Ich find's schlimm, wenn "ich liebe dich" dasselbe bedeutet wie "ich gehe gerne bei einer großen us-amerikanischen Imbisskette essen".
Naja, das tut es normalerweise aber nicht. "Love" heißt im Englischen eben auch "Grüße", es war von vornherein frei von teutonischer Schwere. Wir hier meinen damit schon ein tieferes Gefühl, man wird selten Leute treffen, die Liebe als etwas in sich Flatterhaftes begreifen, denke ich. Trotz Burgerkette.
Und sicher geht das mit einem Wertewandel einher. Zusammenhalt, Gemeinschaft ist weniger wichtig als Selbstverwirklichung, individuelles Vorwärtskommen.
Ich sehe es etwas anders. Zusammenhalt und Gemeinschaft ist ein zweischneidiges Instrument. Zum einen ist es Stärke in der Not. Zum anderen missbrauchter Wert in Deutschlands diktatorischem Regime vor 1945. Zusammenhalt und Gemeinschaft sind nicht
nur ein leuchtend guter Wert, sie sind auch Werkzeug im Krieg gegen "Andere". Ein Volk voller individualistischer Selbstverwirklicher hätte sich nicht derartig einspannen lassen, vermute ich.

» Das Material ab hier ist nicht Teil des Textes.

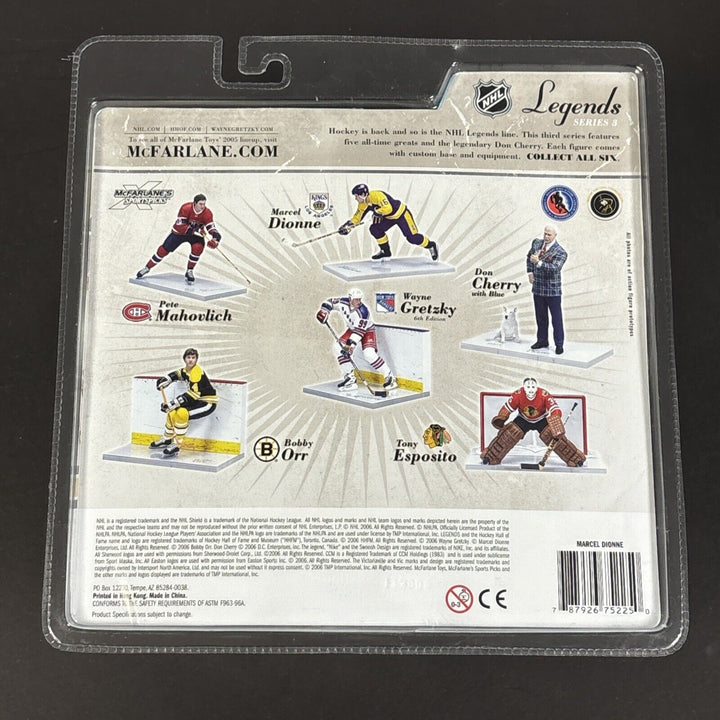 Marcel Dionne 2006 McFarlane Legends Series 3 Los Angeles Kings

Warum eigentlich soll Zusammenhalt und Gemeinschaft über dem individuellen Wohl stehen? Gibt es eine verbindliche Werteskala oder einen plausiblen Grund dafür? Ich halte Zusammenhalt und Individualismus schlicht für zwei unterschiedliche Strategien, die in unterschiedlichen Situationen ihren Wert beweisen. In der Not oder bei Großprojekten bringt es der Zusammenhalt, in guten Zeiten gilt die Konzentration der Verantwortung für sich selbst.

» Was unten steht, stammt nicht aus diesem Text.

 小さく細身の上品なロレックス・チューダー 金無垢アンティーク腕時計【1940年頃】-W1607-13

Der gegenwärtige Individualismus ist für mich ein Zeichen von Wohlstand und Zuversicht. Es ist gut, wenn jeder sein eigener Schutzengel ist. Und sich nicht zum Schutzengel seines Nächsten aufschwingt.
Wenn der andere einen am individuellen Glück hindert oder zu hindern scheint, dann wird die Gemeinschaft eben aufgelöst, man geht getrennte Wege.
Wäre es besser, wenn das individuelle Glück für den zähen Erhalt einer Gemeinschaft geopfert würde? Und wofür wäre es gut? Und: Was wäre daran Liebe, wenn in einer Beziehung einer von beiden auf Erhalt der Gemeinschaft besteht, selbst wenn das individuelle Glück des "geliebten" Menschen darunter leidet (selbst wenn dieser sein Leid so "nur" empfindet)?